The man had finally had it. Repeated adversities had befallen him while all around him prospered…he had to know why. He looked to the heavens and spoke from the pain and torment in his soul.
“I am a good father, a loving husband, I give generously to those in need… why do these things keep happening to me?!”
A moment of silence, then the skies opened and a voice from the heavens said…
“I dunno… something about you just pisses me off.”
In defense of all things heavenly, the description of the good-deed-doer above isn’t me, no doubt any tragedy coming my way is earned. Nonetheless, it appeared this month as though someone wanted my attention. That’s ok, I like to think of myself as open to suggestion. Then again I like to think of myself as “tall” and that isn’t really true either.
Subtle Hint #1 – The Canoe trip:
We had a few storms on arrival at the Big Piney (note: that’s understated). I’d been on this body of water at flood stage before, have canoed this water for 2 decades, and it can be fun.

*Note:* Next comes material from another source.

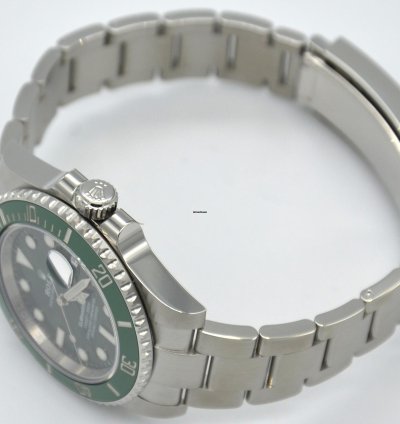 Rolex Submariner Date 116610lv Hulk Green Dial new Style Green Warranty Card
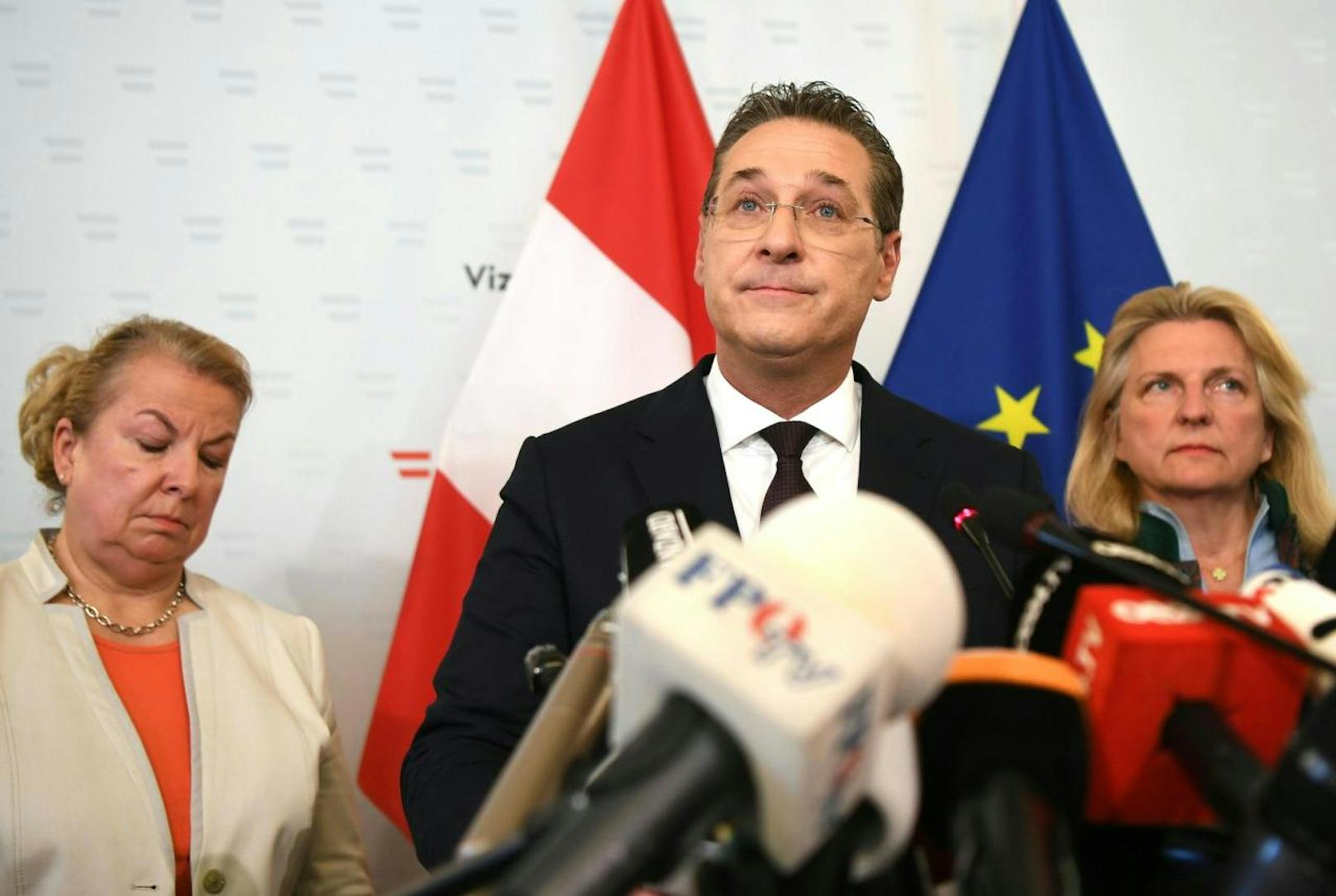 Auch das "Unwort des Jahres" hat Strache-Bezug: "Bsoffene Gschicht". Damit erklärte Strache die skandalösen Aussagen bei seinem Rücktritt am 18. Mai.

It can also be dangerous, as indicated by the fact that the only time I’d been on it this high we’d ended our day shortly after coming across an accident that included a fatality. [That’ll suck the fun right outta the day.]
The photo above looks like pretty wimpy whitewater, but when you consider it’s a picture of something called “Long Pool” it gives you an idea of conditions. We tried the short run (aka: the “easy” run) and by “we” I mean me and the only other guy dumb enough to get on the water with me (Hi Robert, you made my blog!). There was originally a 2 boat armada for safety, but the guy with boat #2 bailed just before we hit the water. I didn’t discover this until we were ON the water. So much for a backup.
They say “nature abhors a vacuum”, but for the record, I’ve noticed she’s none too fond of whitewater canoeists either. We made it a few miles, lost it, my PFD tried to strangle me while standing waves tried to drown me, got thrown against a bluff at about 35 mph, slammed in the back by the canoe that was thrown right after I was, sucked down by a vortex while the current tried to pin me to the concave wall, made it to the surface (barely and only for split moments), and had made it around the bluff and was struggling on the boundary between the current and a lifesaving eddy when I was assisted to shore by a kayaker… he and his buddy were about the only other boats on the water, but were there at the right time and in the appropriate craft.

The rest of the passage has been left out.